Every day textual information is being added/updated on Wikipedia, as well as other social media platforms like Facebook, Twitter, etc. These platforms receive a huge amount of unverified textual data from all its users such as News Channels, Bloggers, Journalists, Field-Experts which ought to be verified before other users start consuming it. This information boom has increased the demand of information verification also known as Fact Checking. Apart from the encyclopedia and other platforms, domains like scientific publications and e-commerce also require information verification for reliability purposes. Generally, Wikipedia authors, bloggers, journalists and scientists provide references to support their claims. Providing referenced text against the claims makes the fact checking task a little easier as the verification system no longer needs to search for the relevant documents.
Wikipedia manages to verify all this new information with a number of human reviewers. Manual review processes introduce delays in publishing and is not a well scalable approach. To address this issue, researchers have launched relevant challenges, such as the Fake News Challenge (Pomerleau and Rao, 2017), Fact Extraction and VERification (FEVER) (Thorne et al., 2018) challenge along with the datasets. Moreover, Thorne and Vlachos (2018) released a survey on the current models for automated fact-checking. FEVER is the largest dataset and contains around 185k claims from the corpus of 5.4M Wikipedia articles. The claims are labeled as “SUPPORTS”, “REFUTES”, or “NOT ENOUGH INFO”, based on the evidence set.

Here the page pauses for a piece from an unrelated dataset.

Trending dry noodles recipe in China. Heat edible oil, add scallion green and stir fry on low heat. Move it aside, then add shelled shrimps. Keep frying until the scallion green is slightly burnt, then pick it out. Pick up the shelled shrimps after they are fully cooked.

In this paper, we propose an unsupervised question-answering based approach for solving the fact-checking problem. This approach is inspired from the memory-based reading comprehension task that humans perform at an early age. As we know that kids in schools, first read and learn the syllabus content so that they can answer the questions in the exam. Similarly, our model learns a language model and linguistics features in unsupervised fashion from the provided Wikipedia pages.

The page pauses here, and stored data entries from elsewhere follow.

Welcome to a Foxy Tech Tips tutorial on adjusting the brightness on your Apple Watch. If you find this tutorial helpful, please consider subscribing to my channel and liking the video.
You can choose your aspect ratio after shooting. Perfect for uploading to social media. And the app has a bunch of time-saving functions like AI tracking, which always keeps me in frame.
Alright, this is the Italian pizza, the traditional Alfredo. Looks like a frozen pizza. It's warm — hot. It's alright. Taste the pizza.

To transform the FEVER dataset into the above-mentioned task, we first generate the questions from the claims. In literature, there are majorly two types of Question Generation systems: Rule-based and Neural Question Generation (NQG) model based. Ali et al. (2010
) proposed a rule-based pipeline to automate the question generation using POS (Part-of-speech) tagging and Named Entity Recognition (NER) tagging from the sentences. Recently, many NQG models have been introduced to generate questions in natural language. Serban et al. (2016) achieved better performance for question generation utilizing (passage, question, answer) triplets as training data and an encoder-decoder based architecture as their learning model.
Du et al. (2017) introduced a sequence-to-sequence model with an attention mechanism, outperforming rule-base question generation systems. Although the models proposed in (Kim et al., 2019; Wang et al., 2017) are effective, they require a passage to generate the plausible questions which is not readily available in the FEVER dataset. To resolve the issues and to keep the system simple but effective, we chose to generate questions similar to a Cloze-task or masked language modeling task. Such a task makes the problem more tractable as the masked entities are already known (i.e. named entities) and tight as there is only one correct answer for a given question. Later when the answers are generated, due to the question generation process, it becomes very easy to identify the correct answers.

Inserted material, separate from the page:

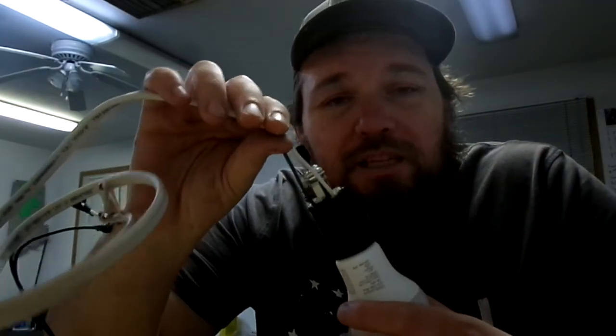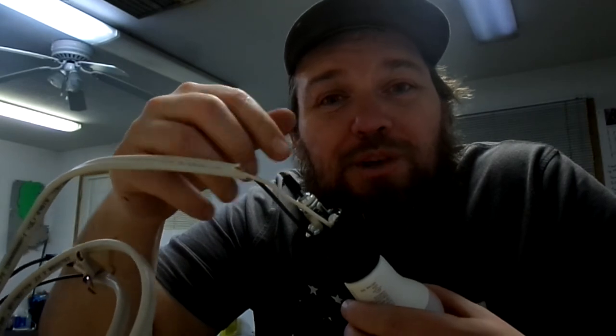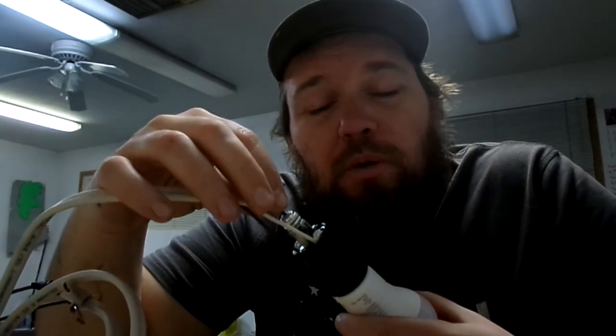Now the one thing you have to do is test the light before you put all of these pieces together. Make sure the light works, because if you don't, you have to take it all apart to turn the switch.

We use the BERT’s (Bidirectional Encoder Representations from Transformers) (Devlin et al., 2018) masked language model, that is pre-trained on Wikipedia articles for predicting the masked entities. Currently, neither the claim verification process nor the question generation process mandates explicit reasoning. For the same reason, it is difficult to put “REFUTES” or “NOT ENOUGH INFO” labels. To resolve this issue, we classify the unsupported claims as “MANUAL_REVIEW” instead of labeling them as “NOT ENOUGH INFO” or “REFUTES”.
In the literature, the shared task has been tackled using pipeline-based supervised models (Nie et al., 2019; Yoneda et al., 2018; Hanselowski et al., 2018). To our knowledge, only Yoneda et al., 2018
has provided the confusion matrix for each of the labels for their supervised system. For the same reason, we are only providing the comparison of the label accuracy on the “SUPPORTS” label in the results section.
2 System Description
In this section, we explain the design and all the underlying methods that our system has adopted. Our system is a pipeline consisting of three stages: (1) Question Generation, (2) Question Answering, (3) Label Classification. The question generation stage attempts to convert the claims into appropriate questions and answers. It generates questions similar to a Cloze-task or masked language modeling task where the named entities are masked with a blank. Question Answering stage predicts the masked blanks in an unsupervised manner. The respective predictions are then compared with the original answers and exported into a file for label classification. The label classifier calculates the predicted label based on a threshold.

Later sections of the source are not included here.